A single column as a list, a list of columns as a new TinyDataFrame, a row as a dictionary, or a slice of rows as a new TinyDataFrame.

Source code in resource_tracker/tiny_data_frame.py
def __getitem__(
    self, key: Union[str, list[str], int, slice]
) -> Union[list, dict, "TinyDataFrame"]:
    """Get a single column or multiple columns or a row or a slice of rows. Can be chained.

    Args:
        key: A single column name, a list of column names, a row index, or a slice of row indexes.

    Returns:
        A single column as a list, a list of columns as a new TinyDataFrame, a row as a dictionary, or a slice of rows as a new TinyDataFrame.
    """
    # a single column
    if isinstance(key, str):
        return self._data[key]
    # multiple columns
    elif isinstance(key, list) and all(isinstance(k, str) for k in key):
        return TinyDataFrame(
            {col: self._data[col] for col in key if col in self._data}
        )
    # row index
    elif isinstance(key, int):
        return {col: self._data[col][key] for col in self.columns}
    # row indexes
    elif isinstance(key, slice):
        return TinyDataFrame({col: self._data[col][key] for col in self.columns})
    else:
        raise TypeError(f"Invalid key type: {type(key)}")

__setitem__ #

__setitem__(key, value)

Set a column with the given key to the provided values.

Parameters:

Name Type Description Default
key str

Column name (string)

required
value list

List of values for the column

required

Raises:

Type Description
TypeError

If key is not a string

ValueError

If the length of values doesn't match the dataframe length

Source code in resource_tracker/tiny_data_frame.py
def __setitem__(self, key: str, value: list) -> None:
    """Set a column with the given key to the provided values.

    Args:
        key: Column name (string)
        value: List of values for the column

    Raises:
        TypeError: If key is not a string
        ValueError: If the length of values doesn't match the dataframe length
    """
    if not isinstance(key, str):
        raise TypeError(f"Column name must be a string, got {type(key)}")

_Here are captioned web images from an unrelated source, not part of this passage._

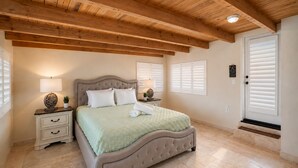 Ein Schlafzimmer mit Bett, Nachttischen, einer Lampe, einem Blumentopf und einer Tür mit Fenster.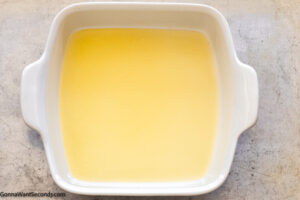 Step 3 how to make butter swim biscuits, add melted butter to the baking dish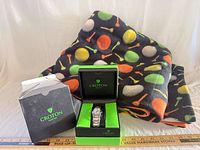Watch in branded box beside folded fleece throw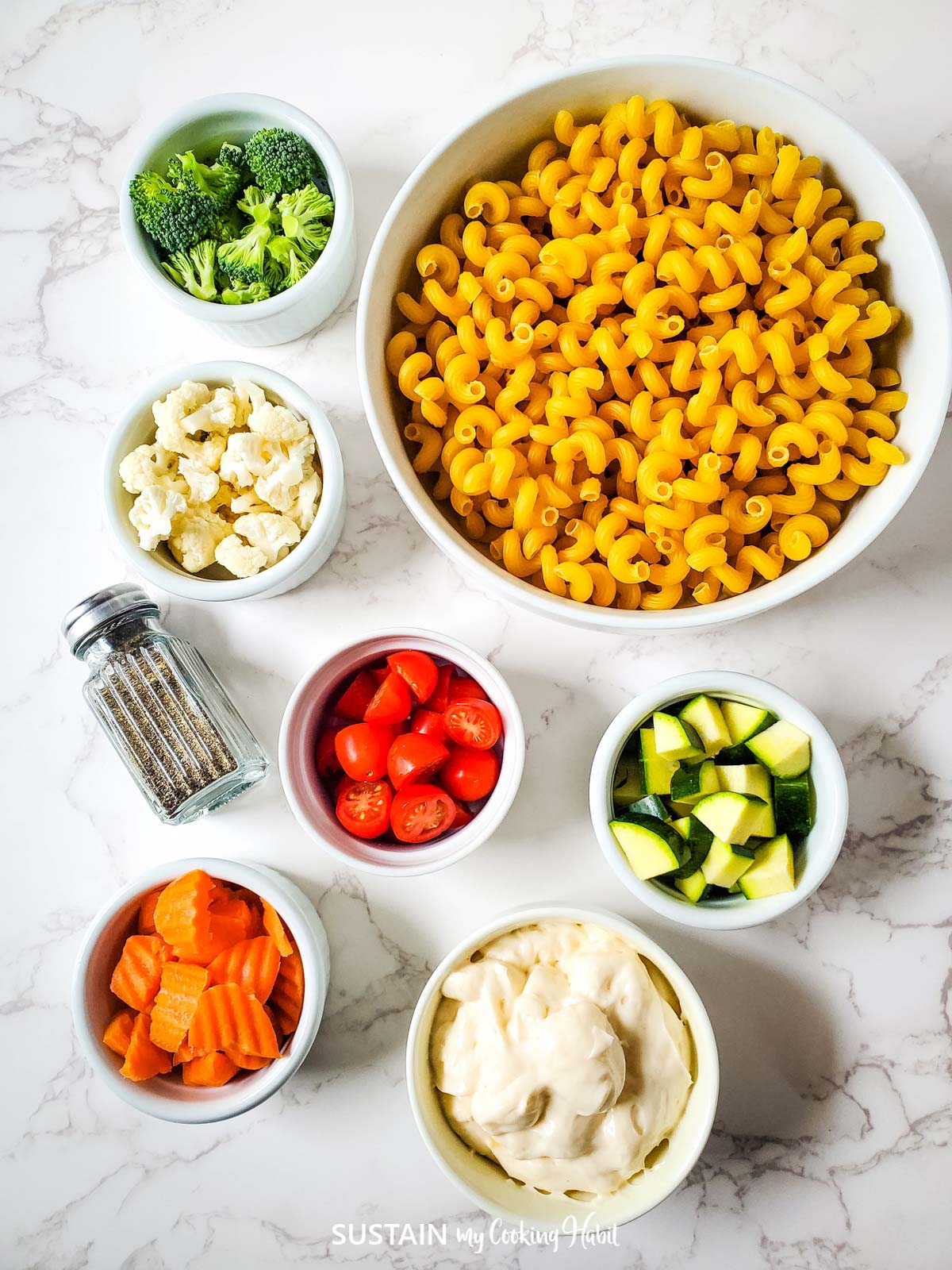 Ingredients needed to make pasta salad including pasta, vegetables, pepper and miracle whip.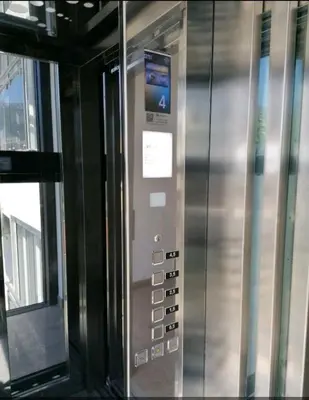 a metal elevator with a sign on the side of it at Vi studio city center 2min to sea in Bar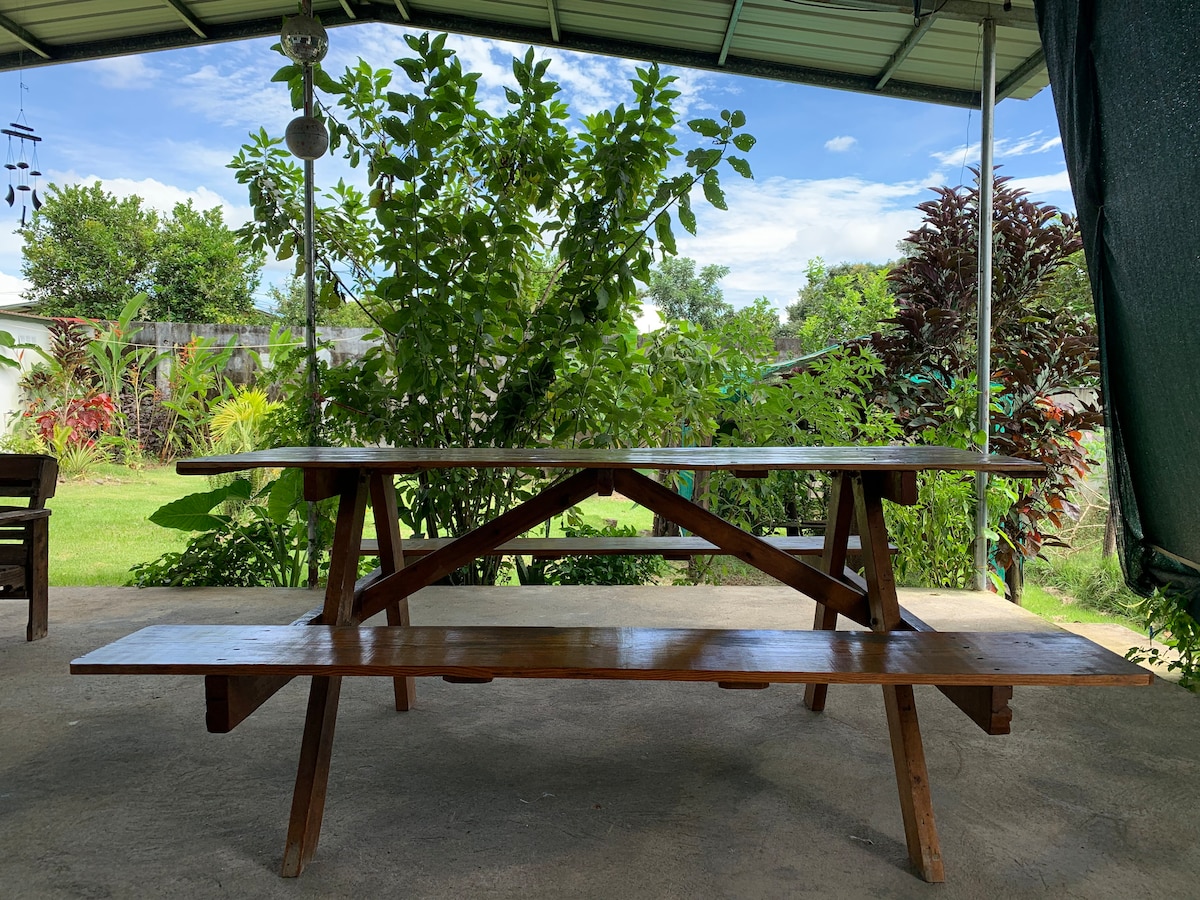 A rustic wooden picnic table is situated on a shaded terrace, complemented by matching benches. Lush green plants surround the area, providing a natural backdrop. The clear blue sky and scattered clouds are visible above, enhancing the tranquil atmosphere of the setting.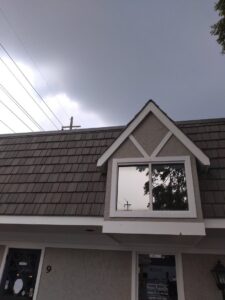 The exterior of a building featuring a newly constructed dormer window by Unique Construction Services in Knoxville, TN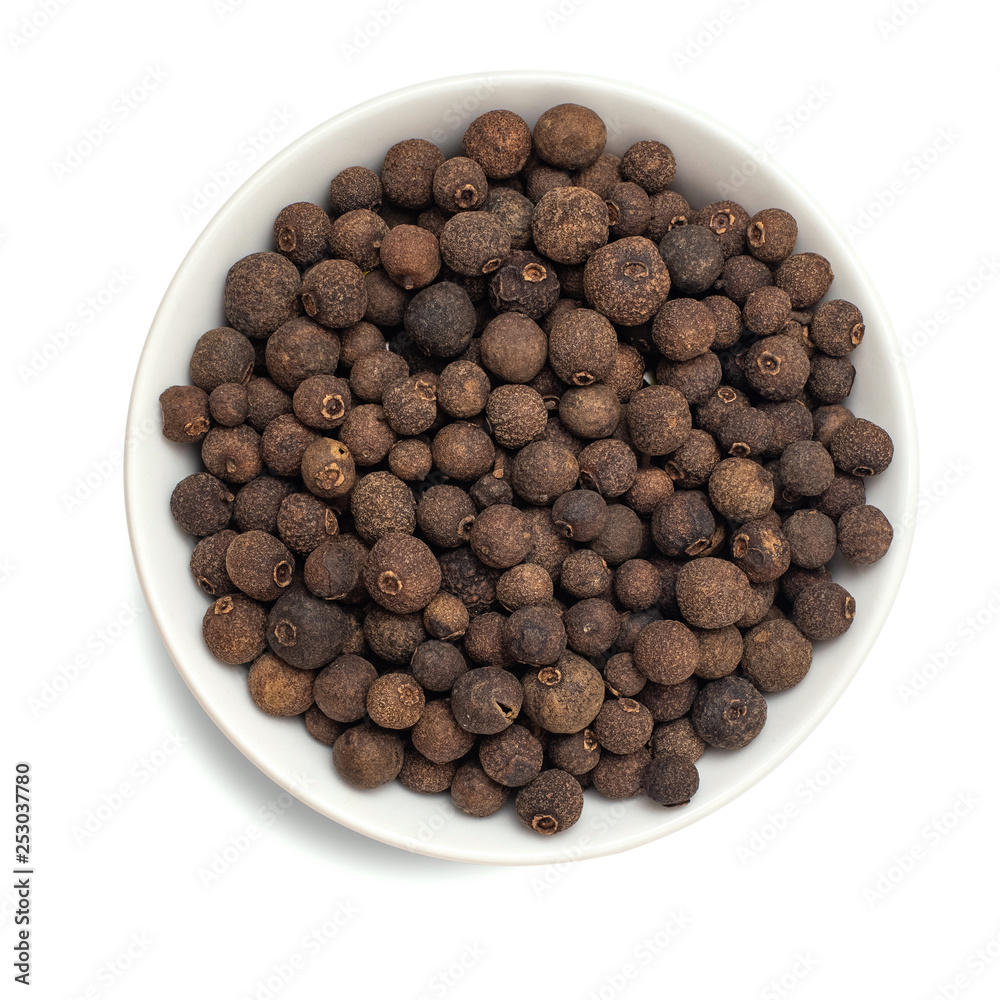 Allspice spice in bowl isolated on white background. Top view Allspice spice in bowl isolated on white background. Top view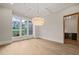 Dining room with hardwood floors, large window, and decorative chandelier at 9004 Meadow Pointe Ct, Wake Forest, NC 27587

    if len(self) > 0 and len(value) != len(self):
        raise ValueError(
            f"Length of values ({len(value)}) must match dataframe length ({len(self)})"
        )

    if key not in self.columns:
        self.columns.append(key)

    self._data[key] = list(value)

head #

head(n=5)

Return first n rows as a new TinyDataFrame.

Source code in resource_tracker/tiny_data_frame.py
def head(self, n: int = 5) -> "TinyDataFrame":
    """Return first n rows as a new TinyDataFrame."""
    return self[slice(0, n)]

tail #

tail(n=5)

Return last n rows as a new TinyDataFrame.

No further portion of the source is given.